Bias in parameter estimates for Cox proportional hazard model when covariates are collinear

Question

For linear regression, if $y$ actually depends on two positively correlated covariates $x_1$ and $x_2$ (we can call it the true model), and if we only include one covariate, say $x_1$, in the regression model (we can call it the working model), its coefficient $\beta_1$ will be overestimated. This makes intuitive sense, because now $\beta_1$ represents the effect of both $x_1$ and $x_2$. One can in fact derive that $\tilde{\beta}_1 = \beta_1 + \rho \beta_2$, where $\tilde{\beta}_1$ is the apparent coefficient of $x_1$ in the working model, $\beta_1$ and $\beta_2$ are the actual coefficients of $x_1$ and $x_2$ in the true model, and $\rho$ is the correlation coefficient between $x_1$ and $x_2$. (The derivation is appended at the end.)

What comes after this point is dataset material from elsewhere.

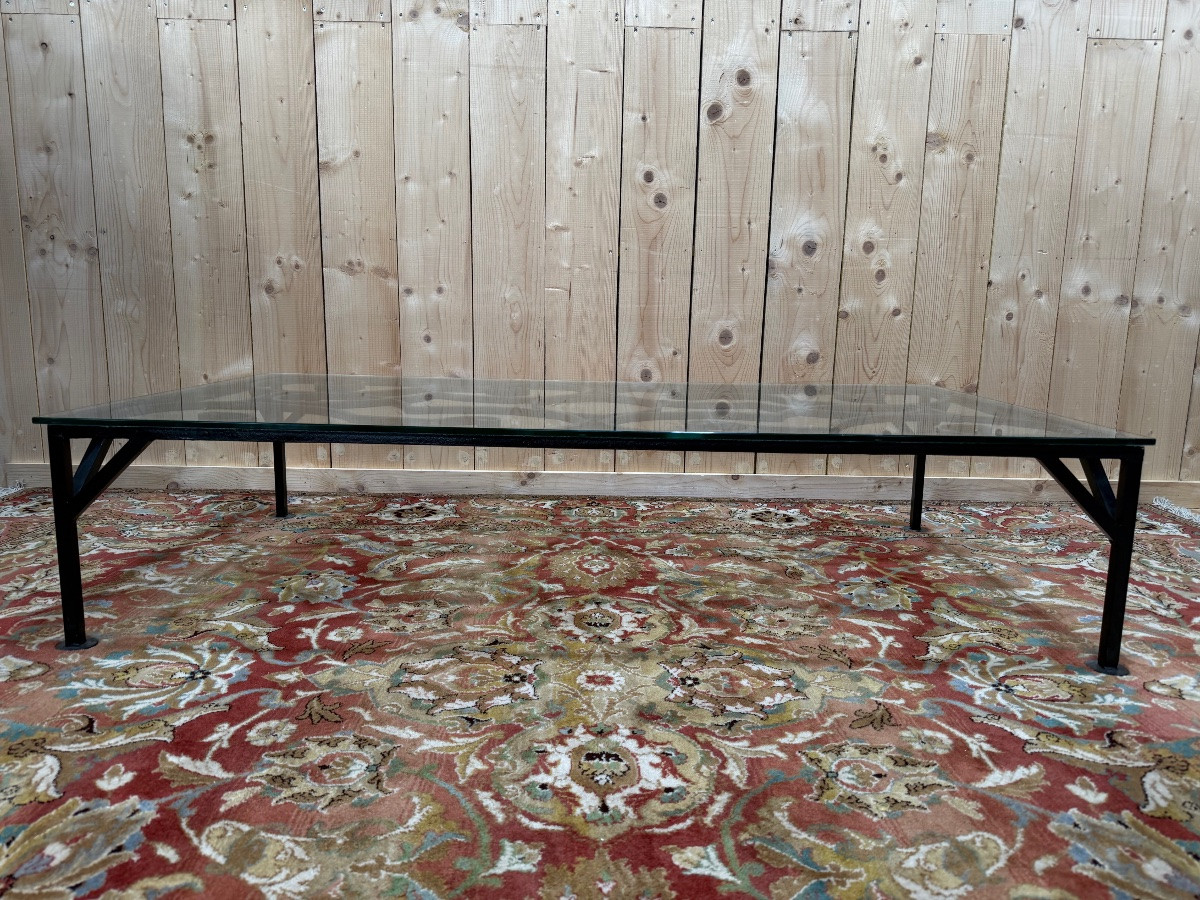 Wrought-iron Coffee Table With Glass Top-photo-2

Now I am interested in the same question for Cox proportional hazard model. To my surprise, I observe that when the true model has positively-correlated $x_1$ and $x_2$, and the working model has only $x_1$, $\beta_1$ is in fact underestimated, at least when estimated using Cox's partial likelihood method. Here are my simulation codes with some explanatory comments.

library(mvtnorm)
library(survival)

n <- 100000
set.seed(0)

# set the correlation coefficient to be 0.5
sigma <- matrix(c(1,0.5,0.5,1), ncol=2)
X <- rmvnorm(n=n, mean=c(0,0), sigma=sigma)

x1 <- X[,1]
x2 <- X[,2]

b1 <- 1
b2 <- 3

# relative hazards
relhazs <- exp(b1*x1 + b2*x2)

# event times
# assume baseline hazard is a constant function at 1
# so the survival times are simply exp distributed
etimes <- rexp(n, relhazs)

# assume no censorship for simplicity
status <- rep(1, n)

dat <- data.frame(id=1:n,
                  time=etimes,
                  status=status,
                  x1=x1,
                  x2=x2)

Output:

Call:
coxph(formula = Surv(time, status) ~ x1 + x2, data = dat, control = coxph.control(timefix = FALSE))

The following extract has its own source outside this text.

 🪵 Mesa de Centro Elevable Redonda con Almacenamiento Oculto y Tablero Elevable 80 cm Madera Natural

        coef exp(coef)  se(coef)     z      p
x1  1.004289  2.729965  0.004424 227.0 <2e-16
x2  2.991976 19.925012  0.008271 361.7 <2e-16

Likelihood ratio test=236231  on 2 df, p=< 2.2e-16
n= 100000, number of events= 1e+05

Call:
coxph(formula = Surv(time, status) ~ x1, data = dat, control = coxph.control(timefix = FALSE))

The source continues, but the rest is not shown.